Even though his blog is admittedly biased (towards vertica?), his contributions to RDBMS are too numerous to mention in the blog, but you can see it here..
Informix bought his company Illustra and one point, he was CTO of Informix as well.
I reviewed his assertions against what we've done. My comment is in blue.
(Keshav) I couldn’t agree more. Using Star and snow-flake schema has become best practice for data warehousing world. Informix 11.70 has added star and snowflake query optimizations to improve performance. IWA implementation focuses on star and snowflake schema. The data mart design, the compression techniques, the query processing is all optimized for star and snowflake schema.
In the last few years, column store and access has improved the warehouse query performance. The benefit if column store comes into fore when you combine column store with compression. The compression can and will be done on the value instead of bit streams.

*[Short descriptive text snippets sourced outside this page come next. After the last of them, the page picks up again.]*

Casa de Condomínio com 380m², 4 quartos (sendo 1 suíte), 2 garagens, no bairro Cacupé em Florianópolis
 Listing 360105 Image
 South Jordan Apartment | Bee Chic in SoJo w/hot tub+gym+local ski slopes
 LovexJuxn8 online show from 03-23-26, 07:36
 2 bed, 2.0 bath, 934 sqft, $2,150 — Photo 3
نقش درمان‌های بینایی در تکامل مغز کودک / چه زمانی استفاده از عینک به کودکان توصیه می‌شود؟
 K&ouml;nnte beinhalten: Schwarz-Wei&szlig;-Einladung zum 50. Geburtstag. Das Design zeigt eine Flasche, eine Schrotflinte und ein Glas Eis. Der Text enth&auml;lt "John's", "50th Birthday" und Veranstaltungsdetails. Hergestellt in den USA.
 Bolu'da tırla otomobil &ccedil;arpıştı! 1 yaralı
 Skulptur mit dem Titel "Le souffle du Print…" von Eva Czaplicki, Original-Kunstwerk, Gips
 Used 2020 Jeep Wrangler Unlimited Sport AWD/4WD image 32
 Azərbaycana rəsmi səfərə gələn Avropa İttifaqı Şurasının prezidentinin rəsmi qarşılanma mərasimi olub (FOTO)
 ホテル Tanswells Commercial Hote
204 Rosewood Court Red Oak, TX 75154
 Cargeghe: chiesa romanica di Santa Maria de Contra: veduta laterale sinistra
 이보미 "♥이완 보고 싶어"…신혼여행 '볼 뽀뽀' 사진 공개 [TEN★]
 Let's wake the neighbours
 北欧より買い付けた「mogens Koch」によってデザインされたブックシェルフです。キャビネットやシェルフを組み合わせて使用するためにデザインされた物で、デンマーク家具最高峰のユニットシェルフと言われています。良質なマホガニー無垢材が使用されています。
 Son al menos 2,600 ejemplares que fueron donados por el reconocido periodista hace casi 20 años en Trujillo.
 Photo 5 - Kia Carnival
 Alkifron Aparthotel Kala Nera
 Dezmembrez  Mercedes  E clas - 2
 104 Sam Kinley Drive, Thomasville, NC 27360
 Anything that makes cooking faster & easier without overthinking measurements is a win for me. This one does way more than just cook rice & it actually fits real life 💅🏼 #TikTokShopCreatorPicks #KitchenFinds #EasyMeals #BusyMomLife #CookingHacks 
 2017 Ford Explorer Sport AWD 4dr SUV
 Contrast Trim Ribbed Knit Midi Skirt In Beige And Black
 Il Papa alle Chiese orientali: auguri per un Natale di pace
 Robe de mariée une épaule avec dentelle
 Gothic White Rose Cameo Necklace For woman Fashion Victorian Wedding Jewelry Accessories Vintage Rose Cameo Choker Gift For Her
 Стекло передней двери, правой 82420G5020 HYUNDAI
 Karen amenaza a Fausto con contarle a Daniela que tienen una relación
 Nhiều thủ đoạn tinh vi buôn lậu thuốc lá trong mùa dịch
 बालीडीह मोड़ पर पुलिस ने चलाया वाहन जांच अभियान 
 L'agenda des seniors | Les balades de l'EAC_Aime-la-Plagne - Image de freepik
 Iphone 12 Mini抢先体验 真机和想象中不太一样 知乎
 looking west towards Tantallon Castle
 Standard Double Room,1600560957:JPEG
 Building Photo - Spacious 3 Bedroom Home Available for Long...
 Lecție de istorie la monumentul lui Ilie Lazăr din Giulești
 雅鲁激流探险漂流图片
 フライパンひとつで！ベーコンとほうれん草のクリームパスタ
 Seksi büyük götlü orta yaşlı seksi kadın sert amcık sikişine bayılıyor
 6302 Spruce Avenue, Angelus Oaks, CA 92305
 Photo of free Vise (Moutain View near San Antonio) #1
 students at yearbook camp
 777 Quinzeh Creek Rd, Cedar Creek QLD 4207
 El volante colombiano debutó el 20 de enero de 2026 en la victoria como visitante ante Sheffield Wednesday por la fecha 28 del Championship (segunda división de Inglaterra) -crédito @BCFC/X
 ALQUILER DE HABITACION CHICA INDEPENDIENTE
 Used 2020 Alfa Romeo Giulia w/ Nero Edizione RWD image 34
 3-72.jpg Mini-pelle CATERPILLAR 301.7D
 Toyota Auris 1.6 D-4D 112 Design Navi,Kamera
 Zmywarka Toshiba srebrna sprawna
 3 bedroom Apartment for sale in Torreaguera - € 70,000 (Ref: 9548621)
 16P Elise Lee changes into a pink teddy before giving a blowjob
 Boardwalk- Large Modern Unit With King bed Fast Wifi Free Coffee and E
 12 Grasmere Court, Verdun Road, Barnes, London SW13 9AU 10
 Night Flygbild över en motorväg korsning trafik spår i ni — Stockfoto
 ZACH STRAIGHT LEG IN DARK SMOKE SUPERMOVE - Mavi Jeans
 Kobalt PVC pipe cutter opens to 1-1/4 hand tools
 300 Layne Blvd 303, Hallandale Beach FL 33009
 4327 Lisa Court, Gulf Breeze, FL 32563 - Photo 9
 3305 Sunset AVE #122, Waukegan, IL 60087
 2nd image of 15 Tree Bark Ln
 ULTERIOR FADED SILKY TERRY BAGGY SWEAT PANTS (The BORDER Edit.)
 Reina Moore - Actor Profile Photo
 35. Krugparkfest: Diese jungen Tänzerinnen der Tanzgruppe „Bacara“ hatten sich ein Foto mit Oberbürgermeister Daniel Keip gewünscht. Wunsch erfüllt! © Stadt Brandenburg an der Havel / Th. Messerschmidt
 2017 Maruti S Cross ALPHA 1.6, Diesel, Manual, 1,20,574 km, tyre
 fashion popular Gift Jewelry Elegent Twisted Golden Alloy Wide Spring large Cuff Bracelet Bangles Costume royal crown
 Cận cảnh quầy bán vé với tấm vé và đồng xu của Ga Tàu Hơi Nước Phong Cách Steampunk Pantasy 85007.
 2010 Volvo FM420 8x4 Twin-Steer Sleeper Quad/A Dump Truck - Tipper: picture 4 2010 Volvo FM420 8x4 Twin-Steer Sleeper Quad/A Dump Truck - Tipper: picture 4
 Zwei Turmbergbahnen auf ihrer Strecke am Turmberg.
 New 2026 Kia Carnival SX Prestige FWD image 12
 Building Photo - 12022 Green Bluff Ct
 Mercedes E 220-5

In warehouses, size matters. You can have terabytes of data in your
warehouse. The hardware vendors
recognize this and are increasing capacity and the prices are falling on
this. Recently, IBM announced eX5
servers with up to 6 terabytes capacity.
Intel announced Westmere with 10-cores.
MPP for warehouse has been proven in many contexts, configurations, hardware and vendors. At the same time, multi-core processors have added lot of CPU power into a single node. Depending on your data warehouse size and performance requirements, an SMP system can provide very good return on investment. SMP – simplicity
IWA is a no knob accelerator – no indexes, no statistics, nothing to tune. You tell IWA how much memory and CPU to use. Then, you simply load the data and start querying immediately. When you cannot tune, there’s nothing to tune.
Informix Ultimate Warehouse Edition with Informix Warehouse Accelerator is available in the following configuration.
• IWA on Linux on Intel x86_64 (RHEL 5 or SUSE SLES 11)
• IDS 11.70 + IWA code modules including IDS Stored Procedures
– Linux on Intel (64 bit)
– AIX on Power (64 bit)
– HPUX on Itanium (64 bit)
– Solaris on Sparc (64bit)
We give the software. You choose the right hardware for you.
ROW stores are well suited for OLTP and COLUMN stores are well suited for warehousing. So far, we’ve seen database supports either ROW store or COLUMN store… Hence Stonebraker’s comment
Informix database server uses ROW store. Informix OLTP performances are well known and proven. It also has number of features for warehouse management like time cyclic data management (via fragmentation features) and query optimization (has joins, multi index scans, star and snowflake join optimization).
IWA uses deep columnar storage, optimized for extreme performance. See this paper for details.
So, with Informix Ultimate Edition, you do get best of both worlds. You can run just OLTP, hybrid or just warehouse workload on Informix. And, do it all very well.
Inforimx has the best HA solution in the database industry. HDR, ER technology has been used by our customers for 15 years. MACH11 has increased this presence in the four years since its release. Flexible Grid in Informix 11.7 takes this to a new level by enabling easier management, replication of schema changes along with data.
One you off-load the data to IWA from the primary, you can accelerate the query from any node in the cluster or HA server.
Stonebraker’s idea here is the DBMS instances should be elastic ONLINE.
The snapshot of the data fro Informix to IWA is done ONLINE. When you need to reprovision the number of workers, you simply disable the marts, change the number of nodes and reload the data ONLINE. IWA still runs on a single machine… But, the underlying architecture and implementation will eventually support MPP environment.
The performance issues are owed to two factors: IO performance and CPU sharing. IWA does not have any IO – That’s one factor taken care of. Virtualization is typically deployed when/because you have excess CPU capacity. IWA maximizes the usage of CPU usage. We’ve tested IWA in virtualized and cloud environment and found you still get these incredible speeds… We’ve internal users and customers validating this in virtualized and Cloud environment.
So, we score quite well on these assertions!